Records for the exercise:

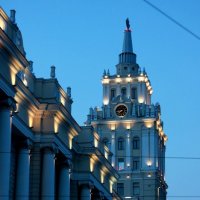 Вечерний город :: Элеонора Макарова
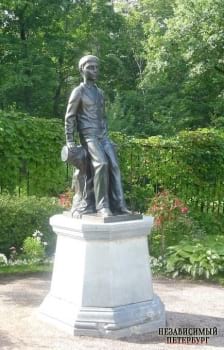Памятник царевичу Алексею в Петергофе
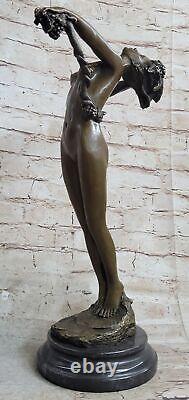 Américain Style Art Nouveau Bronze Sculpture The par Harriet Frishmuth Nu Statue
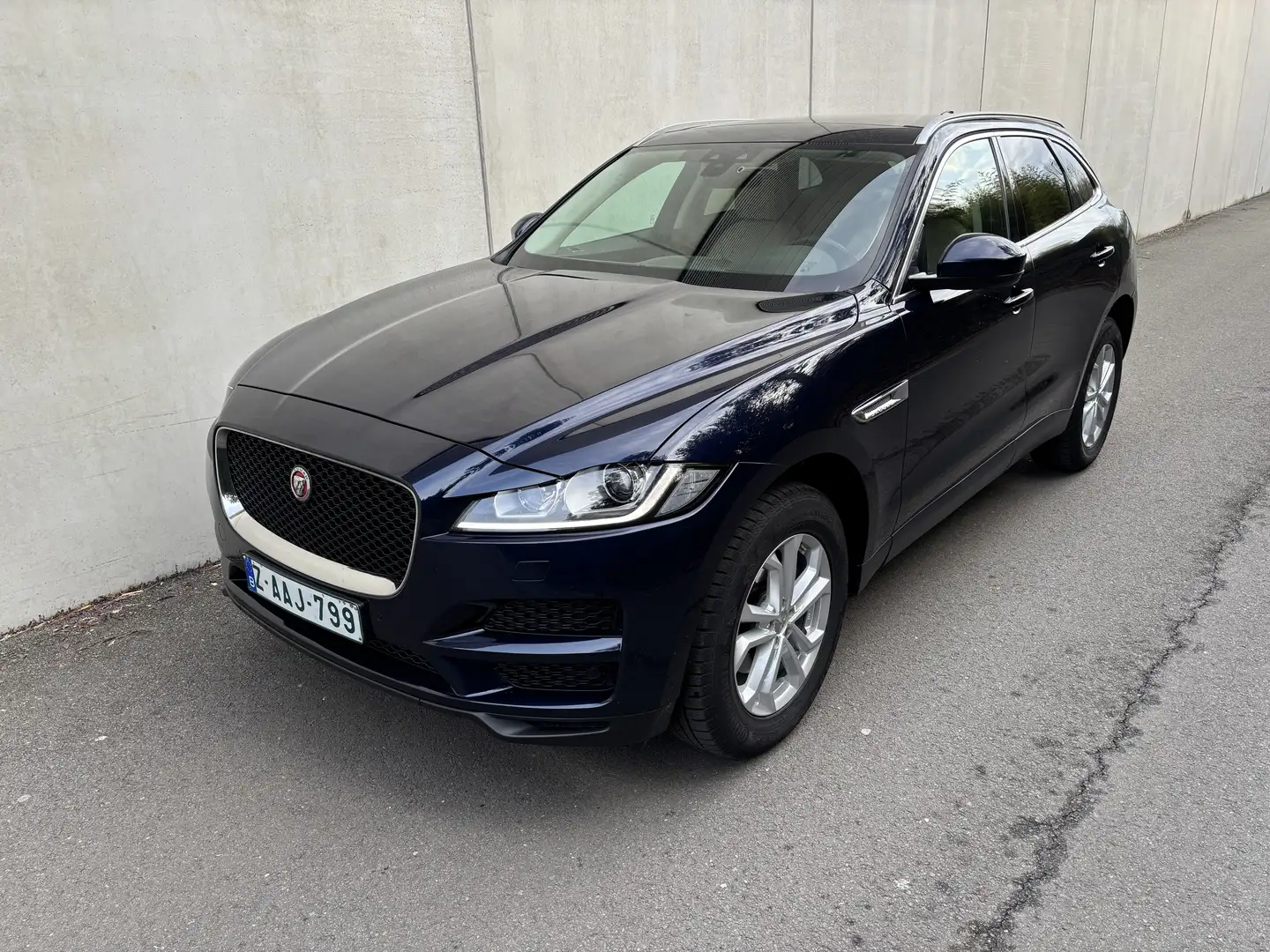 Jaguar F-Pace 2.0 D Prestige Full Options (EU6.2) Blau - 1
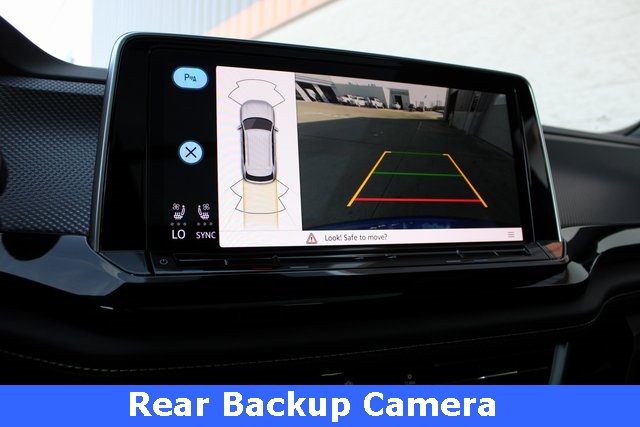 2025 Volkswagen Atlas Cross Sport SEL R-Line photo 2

Instructions for the task: In the copy, omit the pictures and reproduce every entry exactly.

Result of the exercise:
 Вечерний город :: Элеонора Макарова
Памятник царевичу Алексею в Петергофе
 Américain Style Art Nouveau Bronze Sculpture The par Harriet Frishmuth Nu Statue
 Jaguar F-Pace 2.0 D Prestige Full Options (EU6.2) Blau - 1
 2025 Volkswagen Atlas Cross Sport SEL R-Line photo 2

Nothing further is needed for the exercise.